• **WHAT YOU ARE ASKED TO DO**
Please give back, word for word, only the lines starting at the one containing "Sandals Heels Block" and ending at the one containing "Батут DFC JUMP" within the material below.

• **DATASET**
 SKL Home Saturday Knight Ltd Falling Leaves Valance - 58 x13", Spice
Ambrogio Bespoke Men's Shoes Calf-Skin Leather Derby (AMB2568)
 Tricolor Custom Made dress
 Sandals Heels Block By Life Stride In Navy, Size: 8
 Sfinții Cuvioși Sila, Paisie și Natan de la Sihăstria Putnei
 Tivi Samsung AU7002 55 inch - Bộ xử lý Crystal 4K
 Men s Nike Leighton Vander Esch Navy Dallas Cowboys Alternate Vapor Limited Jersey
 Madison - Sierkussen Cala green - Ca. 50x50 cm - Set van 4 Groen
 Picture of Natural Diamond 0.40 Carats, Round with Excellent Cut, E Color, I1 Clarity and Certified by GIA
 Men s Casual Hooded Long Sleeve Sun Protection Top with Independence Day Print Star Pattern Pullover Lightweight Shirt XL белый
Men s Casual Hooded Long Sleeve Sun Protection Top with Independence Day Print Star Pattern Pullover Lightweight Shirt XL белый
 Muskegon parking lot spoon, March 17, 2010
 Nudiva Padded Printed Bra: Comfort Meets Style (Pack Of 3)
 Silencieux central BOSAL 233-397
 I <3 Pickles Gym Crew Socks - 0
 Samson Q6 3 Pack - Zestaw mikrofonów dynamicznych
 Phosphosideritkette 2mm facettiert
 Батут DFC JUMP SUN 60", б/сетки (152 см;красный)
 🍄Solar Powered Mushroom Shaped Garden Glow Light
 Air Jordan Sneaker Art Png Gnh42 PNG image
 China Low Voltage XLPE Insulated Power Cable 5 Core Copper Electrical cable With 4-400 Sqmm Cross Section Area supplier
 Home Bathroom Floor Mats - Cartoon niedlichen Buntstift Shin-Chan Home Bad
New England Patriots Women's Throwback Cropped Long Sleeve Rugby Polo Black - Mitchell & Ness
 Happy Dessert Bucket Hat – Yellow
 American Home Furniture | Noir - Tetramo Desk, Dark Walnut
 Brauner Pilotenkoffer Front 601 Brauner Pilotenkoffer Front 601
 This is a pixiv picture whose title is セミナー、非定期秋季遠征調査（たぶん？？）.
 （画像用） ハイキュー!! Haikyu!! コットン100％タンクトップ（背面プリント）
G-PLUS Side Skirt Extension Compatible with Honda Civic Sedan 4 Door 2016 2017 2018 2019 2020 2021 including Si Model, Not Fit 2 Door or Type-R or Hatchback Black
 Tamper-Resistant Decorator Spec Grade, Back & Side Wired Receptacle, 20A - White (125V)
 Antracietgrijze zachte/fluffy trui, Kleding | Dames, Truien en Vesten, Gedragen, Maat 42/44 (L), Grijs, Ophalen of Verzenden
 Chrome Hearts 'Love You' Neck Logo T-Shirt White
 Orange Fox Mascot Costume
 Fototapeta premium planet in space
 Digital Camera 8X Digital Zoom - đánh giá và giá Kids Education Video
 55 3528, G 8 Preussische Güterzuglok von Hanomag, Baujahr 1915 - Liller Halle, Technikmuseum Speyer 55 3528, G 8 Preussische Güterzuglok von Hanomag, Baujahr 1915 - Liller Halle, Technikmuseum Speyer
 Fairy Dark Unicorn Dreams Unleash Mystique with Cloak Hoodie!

• **RESPONSE AREA**
 Sandals Heels Block By Life Stride In Navy, Size: 8
 Sfinții Cuvioși Sila, Paisie și Natan de la Sihăstria Putnei
 Tivi Samsung AU7002 55 inch - Bộ xử lý Crystal 4K
 Men s Nike Leighton Vander Esch Navy Dallas Cowboys Alternate Vapor Limited Jersey
 Madison - Sierkussen Cala green - Ca. 50x50 cm - Set van 4 Groen
 Picture of Natural Diamond 0.40 Carats, Round with Excellent Cut, E Color, I1 Clarity and Certified by GIA
 Men s Casual Hooded Long Sleeve Sun Protection Top with Independence Day Print Star Pattern Pullover Lightweight Shirt XL белый
Men s Casual Hooded Long Sleeve Sun Protection Top with Independence Day Print Star Pattern Pullover Lightweight Shirt XL белый
 Muskegon parking lot spoon, March 17, 2010
 Nudiva Padded Printed Bra: Comfort Meets Style (Pack Of 3)
 Silencieux central BOSAL 233-397
 I <3 Pickles Gym Crew Socks - 0
 Samson Q6 3 Pack - Zestaw mikrofonów dynamicznych
 Phosphosideritkette 2mm facettiert
 Батут DFC JUMP SUN 60", б/сетки (152 см;красный)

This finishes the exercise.